A comprehensive technical guide to webhook rate limiting covering both sender and receiver perspectives, including implementation strategies, code examples, and best practices for handling high-volume event delivery.

Webhook Rate Limiting: Strategies for Senders and Receivers

Webhook Rate Limiting: Strategies for Senders and Receivers

Rate limiting is essential for reliable webhook infrastructure. Whether sending millions of events daily or receiving webhooks from dozens of services, understanding rate limiting builds systems that scale under pressure.

This covers both sides: sender rate limiting and receiver protection.

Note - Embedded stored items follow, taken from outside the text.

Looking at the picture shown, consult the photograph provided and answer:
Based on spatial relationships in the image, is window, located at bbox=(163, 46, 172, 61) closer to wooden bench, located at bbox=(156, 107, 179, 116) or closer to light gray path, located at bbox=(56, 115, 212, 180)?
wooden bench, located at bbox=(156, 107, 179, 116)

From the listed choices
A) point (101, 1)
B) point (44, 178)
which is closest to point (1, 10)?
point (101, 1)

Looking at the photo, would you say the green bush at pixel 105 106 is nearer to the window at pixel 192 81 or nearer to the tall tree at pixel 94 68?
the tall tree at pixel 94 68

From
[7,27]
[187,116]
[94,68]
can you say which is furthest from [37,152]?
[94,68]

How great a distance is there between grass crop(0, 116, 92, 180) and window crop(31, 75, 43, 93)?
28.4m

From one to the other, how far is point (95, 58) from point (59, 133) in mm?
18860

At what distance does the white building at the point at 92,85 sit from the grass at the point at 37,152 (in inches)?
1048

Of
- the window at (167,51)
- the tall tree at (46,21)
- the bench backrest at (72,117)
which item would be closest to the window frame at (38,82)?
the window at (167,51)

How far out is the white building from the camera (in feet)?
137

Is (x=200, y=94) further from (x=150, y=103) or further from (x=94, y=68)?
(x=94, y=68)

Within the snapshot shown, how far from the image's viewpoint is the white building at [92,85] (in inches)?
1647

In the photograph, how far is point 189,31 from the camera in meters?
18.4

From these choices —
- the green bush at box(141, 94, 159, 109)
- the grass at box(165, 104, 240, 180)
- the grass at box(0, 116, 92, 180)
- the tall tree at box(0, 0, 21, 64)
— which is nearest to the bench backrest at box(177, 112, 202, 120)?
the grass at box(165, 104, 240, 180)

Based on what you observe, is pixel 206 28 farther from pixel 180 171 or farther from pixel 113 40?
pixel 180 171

Webhook rate limiting flow diagram showing sender with event queue, rate limiter checking tokens, HTTP POST to receiver endpoint, and feedback loop with Retry-After header for backpressure handling

Why Rate Limiting Matters for Webhooks

Unlike traditional APIs where clients control volume, webhooks flip the model—senders control traffic. A flash sale triggering thousands of webhooks can overwhelm unprepared endpoints.

Senders: Uncontrolled delivery exhausts resources, triggers blocks, loses events. Receivers: Lacking rate limiting means one misbehaving upstream service takes down your pipeline.

Rate Limiting for Webhook Senders

Why Limit Your Outbound Rate

Smart senders implement rate limiting to:

  • Protect receivers: Not all can handle 1,000 req/sec
  • Prevent cascading failures: Slow endpoints don't exhaust workers
  • Maintain fairness: High-volume customers don't starve smaller ones
  • Reduce retry storms: Controlled delivery doesn't overwhelm recovering endpoints

Implementing Per-Endpoint Limits

Maintain separate rate limits per endpoint. Isolates customers, allows capacity-based customization.

import time
from dataclasses import dataclass
from typing import Dict
import redis

@dataclass
class EndpointRateLimit:
    requests_per_second: int
    burst_size: int

class WebhookRateLimiter:
    def __init__(self, redis_client: redis.Redis):
        self.redis = redis_client
        self.default_limit = EndpointRateLimit(
            requests_per_second=10,
            burst_size=20
        )

    def can_send(self, endpoint_id: str) -> tuple[bool, float]:
        """
        Token bucket implementation for per-endpoint limiting.
        Returns (allowed, wait_time_seconds).
        """
        limit = self.get_endpoint_limit(endpoint_id)
        key = f"webhook_bucket:{endpoint_id}"
        now = time.time()

        pipe = self.redis.pipeline()
        pipe.hgetall(key)
        result = pipe.execute()[0]

        tokens = float(result.get(b'tokens', limit.burst_size))
        last_update = float(result.get(b'last_update', now))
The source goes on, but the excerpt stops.